● **WHAT THE TASK REQUIRES**: Of the lines in the material below, print only those from the one containing "pacman citron" to the one containing "Goldene Palmenzibetkatze, Paradoxurus", ends included, exactly as written and without pictures.
──────── SUPPLIED DATA
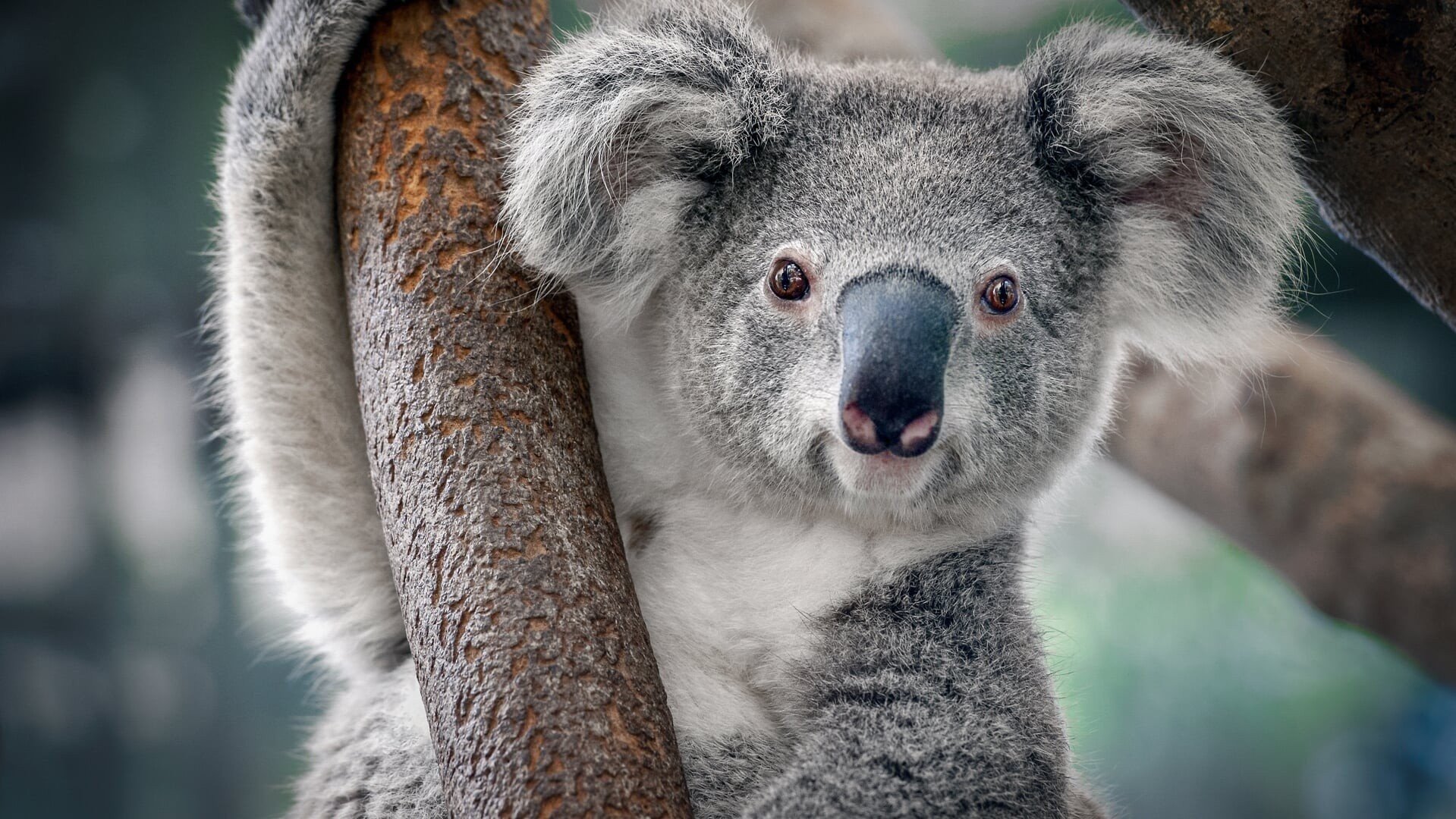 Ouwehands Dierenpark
────────────────
──────── SUPPLIED DATA
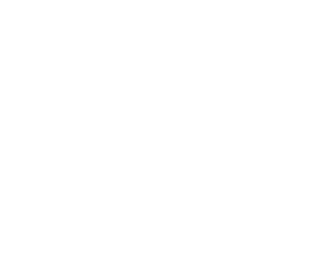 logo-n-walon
────────────────
──────── SUPPLIED DATA
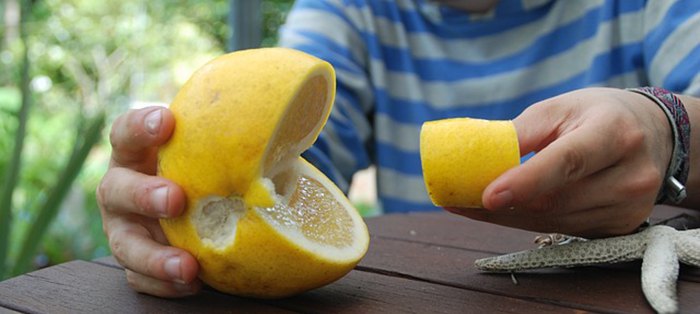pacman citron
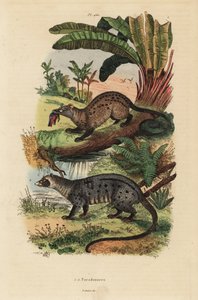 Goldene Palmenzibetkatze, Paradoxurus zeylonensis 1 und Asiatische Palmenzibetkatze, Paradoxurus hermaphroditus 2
────────────────
● **WRITTEN REPLY**:
pacman citron
 Goldene Palmenzibetkatze, Paradoxurus zeylonensis 1 und Asiatische Palmenzibetkatze, Paradoxurus hermaphroditus 2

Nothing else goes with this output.